Title: Speed of Life
MPAA Rating: NR
Director: Liz Manashil
Starring: Ann Dowd, Ray Santiago, Vella Lovell
Runtime: 1 hr 16 mins

What Is It: In 2016, June is a woman feeling like her relationship is lacking something, that “big gesture” quality to convince herself that she’s moving forward in life, that everything will work out in the end before it’s too late. After finding out that David Bowie just died, June falls into a frantic state in pushing for her joke-throwing partner Edward (Santiago) to make that gesture. In the midst of calming her down, Edward accidentally runs into a time rip in their living room and disappears. Twenty-five years later, American people of retirement age are forced to move into assisted living. An older June and her neighbor, on the brink of being transferred from their homes, plan to flee the country when Edward suddenly pops back into the timeline. Torn between keeping her long-lost lover or leaving for good, June struggles with the mistakes and heartbreak of the past in order to dictate what’s to be in their future.

What We Think: This is a first as far as the whole David-Bowie’s-death-is-the-initial-incident thing. Which is interesting. And, as a starter to this review, I actually really commend it. As a story mechanism, I think it represents a lot of what is successful in this film as far as its intention and what it has to get across. The pressure of time flying and eventually aging and death puts a real spark into all the characters. The David Bowie thing sort of makes it feel grounded in reality–once June experiences someone who, as she puts it, seemed sort of immortal passing away, it makes her realize that she and everyone else has to follow suit eventually. It was an interesting twist to see someone then randomly fall into a hole in time and then, bam, it’s twenty-five years later. How the subject of mortality is handled is wonderful. The film takes it gracefully and sometimes humorously, but thankfully of all it feels all very real and articulate. Dowd’s performance is sweet and sad as she faces the last stretches of her life as well as the downfalls of her past. Pretty well written, as it takes after very real and relatable concerns bred with what felt almost like theater dialogue, the story as whole leaves you remembering to cherish what it is you already have that’s good while it’s still good. It’s not bleak, it’s not cynical, but a refreshing take that intends to embrace living in the now. The performances and the visuals (though most of them simply two-shots) are solid, nothing distracts from the main themes. While there’s a subplot around a budding romance between supporting character that really slows down the movie, as well as the pace slowing down after the first/second act, it’s still a nice little film that serves positively.

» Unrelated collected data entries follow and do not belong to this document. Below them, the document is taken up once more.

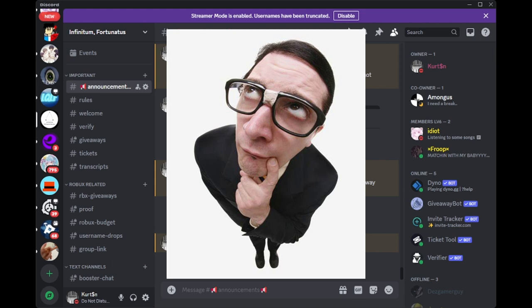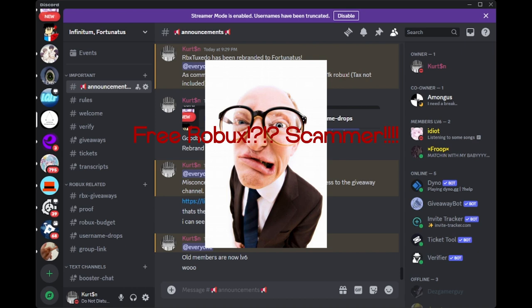Now, you might be wondering, what is RBX Tuxedo or what is Fortunatus? Well, it's a platform where people can get free Robux by doing offers.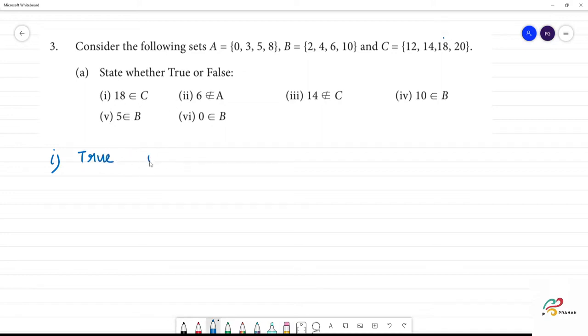Next, the second one: 6 not belongs to A. The A set does not contain 6, so this is true.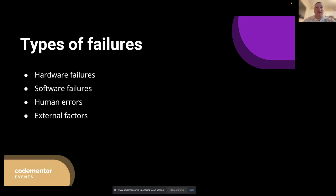External factors are issues outside the direct control of the application or its developers, such as third-party service outages, security breaches, or natural disasters. External factors can lead to system downtime, data loss, or reduced application functionality. To handle external factors, we need to establish contingency plans, monitor external dependencies, and ensure our applications can gracefully degrade when external services are unavailable. Understanding these different types of failures is crucial when designing our test scenarios.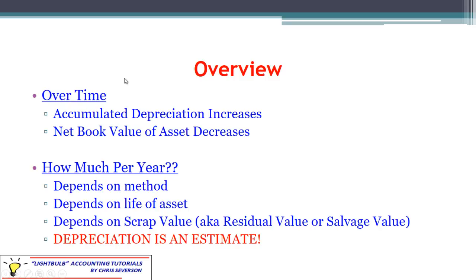Over time on the depreciation schedule, accumulated depreciation increases until it finally hits the full cost of the asset. The net book value of the asset is decreasing as accumulated depreciation offsets it. The question here is how much should we record per year? It's going to depend on a few things. Importantly: depreciation is an estimate. So anything we do with depreciation, we're always assuming certain things.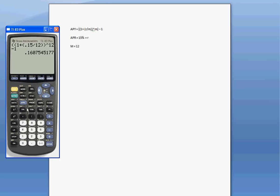And as you can see, APY is a lot more than our APR because this compounds every single month. So our APY is 16.075%.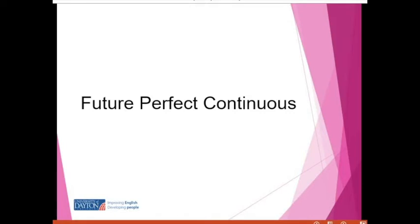We use the future perfect continuous when we talk about a plan that will be completed at some point in the future — like the Sagrada Familia in the year 2026. Now let me show you how to make a future perfect continuous sentence.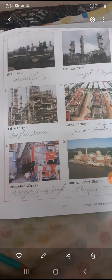This is the locomotive works in Tamil Nadu. This is the nuclear power station — this is Tarapur, which is in Maharashtra.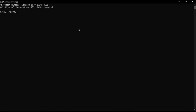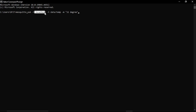We have successfully started the broker. To publish to a topic, type: mosquitto_pub -h localhost — since we are running the broker locally — then -t for topic, in this case 'data/', and -m for the message, let's say '32 degree'. This will publish that message to this topic at the broker address.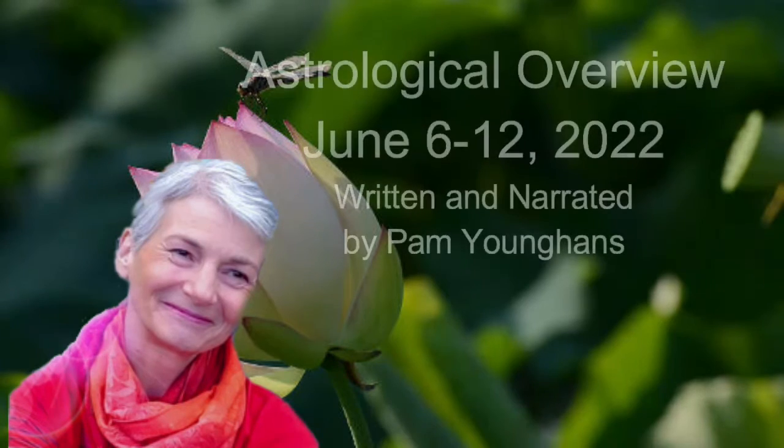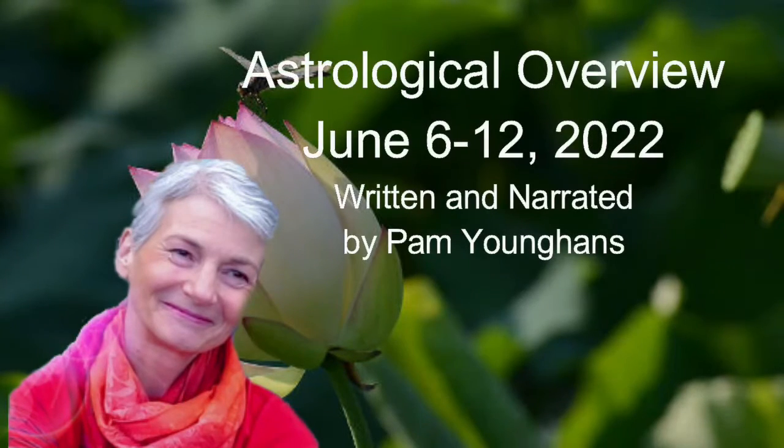This is Astrologer Pam Younghans, and here is my forecast for the week of June 6-12, 2022.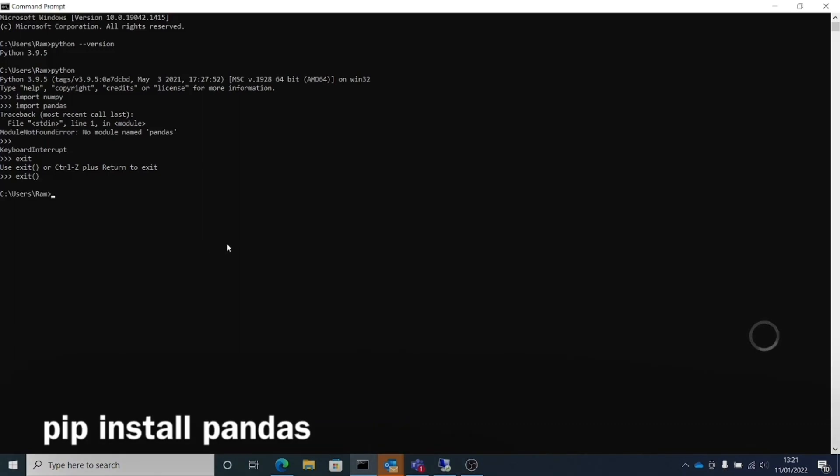This happens when you don't have the module installed. It can be any module that's not there. And if you're using command prompt, this is how you go and install it.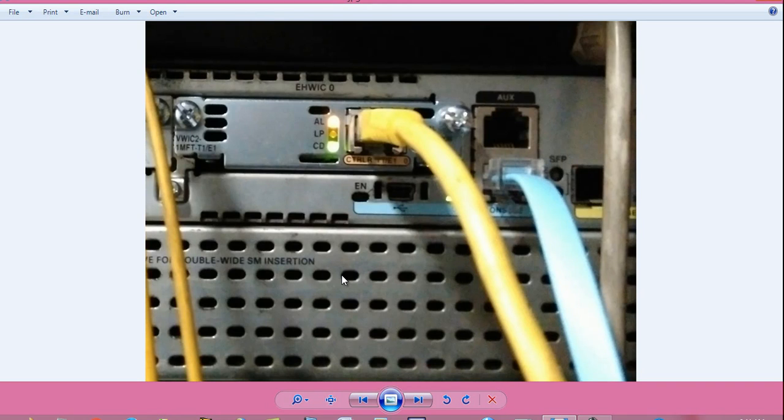Hello, I am Sujoy and today I will tell you how to do loopback test and troubleshoot PRI line connectivity.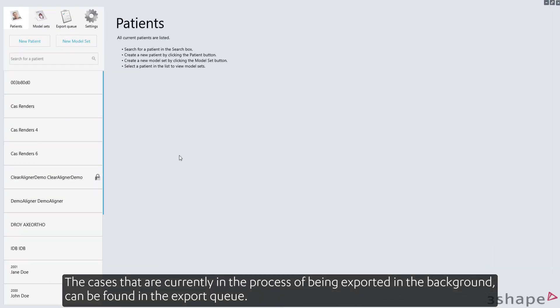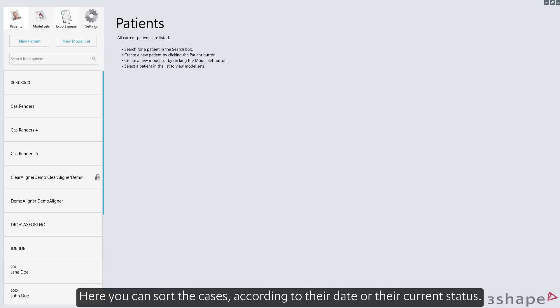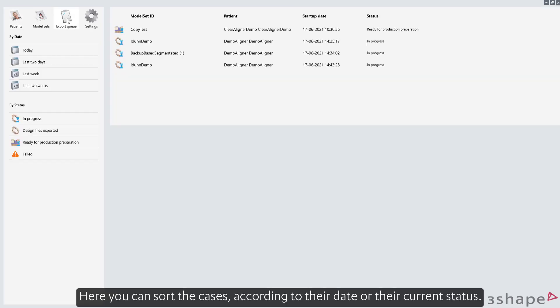The cases that are currently in the process of being exported in the background can be found in the export queue. Here you can sort the cases according to their date or their current status.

Our Grade: C+, Honestly I don’t know how much this film will stand the test of time within my memory namely due to the immense decrease in pacing as the duration continued as well as quite a few forgettable if not childish scenes, but for now I can say that for the first viewing I thought it very well-handled in its acting and themes. Ann Dowd is wonderful to watch–graceful, striking, and admirable in a seasoned performance about a woman coming to terms with aging, love, and a wormhole in her living room.